Como usted lo ha observado, Señor Embajador, la búsqueda de un orden internacional más equitativo y pacífico es extremadamente exigente. Creo, sin embargo, y estoy seguro que usted también lo cree, que es posible mover a las personas, como individuos y como naciones, para que actúen de manera que fomenten verdaderamente la paz y el diálogo en lugar de la violencia y la injusticia. Una de las fuerzas que motivan más profundamente a este respecto es la verdad de nuestra humanidad común y de nuestra común responsabilidad de la supervivencia y el bienestar de la familia humana. Comparto la convicción del pueblo australiano y de su Gobierno de que la dedicación paciente y perseverante a las iniciativas constructivas sociales, económicas y diplomáticas puede suponer un gran aliento en un mundo que suspire por las bendiciones de la justicia y de la paz. La Iglesia Católica en su País ha contribuido a este proceso y seguirá contribuyendo por medio de su apoyo y su participación en aquellos esfuerzos que verdaderamente fomentan el bien de Australia y el bien más amplio de la familia y de las naciones.
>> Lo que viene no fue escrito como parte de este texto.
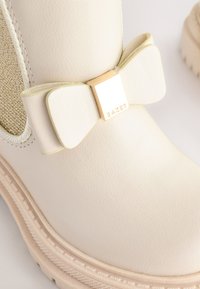 Bottine beige clair en matière synthétique texturée, dotée d'un nœud décoratif et d'un accent carré doré. Semelle robuste, finition lisse.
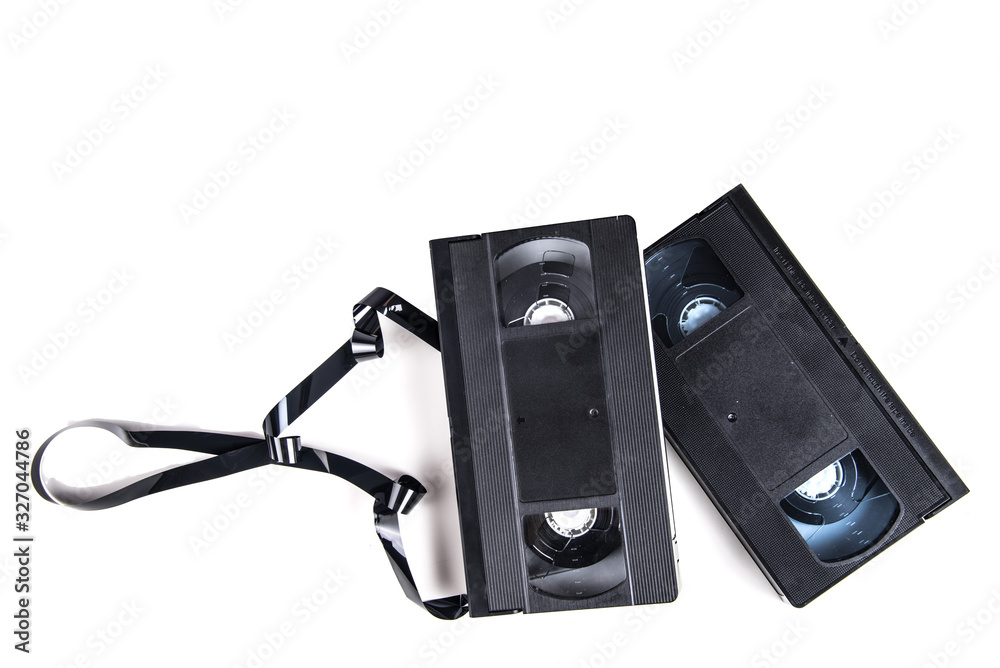 Obraz premium VHS video cassette isolated on white, retro video technology , analog magnetic tape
Con este espíritu le quiero garantizar mis oraciones y mis mejores deseos para el éxito de su misión. Mediante el cumplimiento de sus deberes diplomáticos, usted prestará un importante servicio no sólo a su propio País sino a todos los pueblos que creen que existen otras alternativas fuera de la violencia y de la opresión para solucionar los conflictos que surgen entre las naciones. La Santa Sede sinceramente le promete su plena cooperación en sus responsabilidades.
Le ruego que transmita mis cordiales saludos al Gobernador general, al Primer Ministro y a todos los miembros del Gobierno australiano. Y sobre usted y sobre todo el pueblo de Australia invoco las abundantes bendiciones de Dios Omnipotente.
*L'Osservatore Romano, edición semanal en lengua española, n.36, p.22.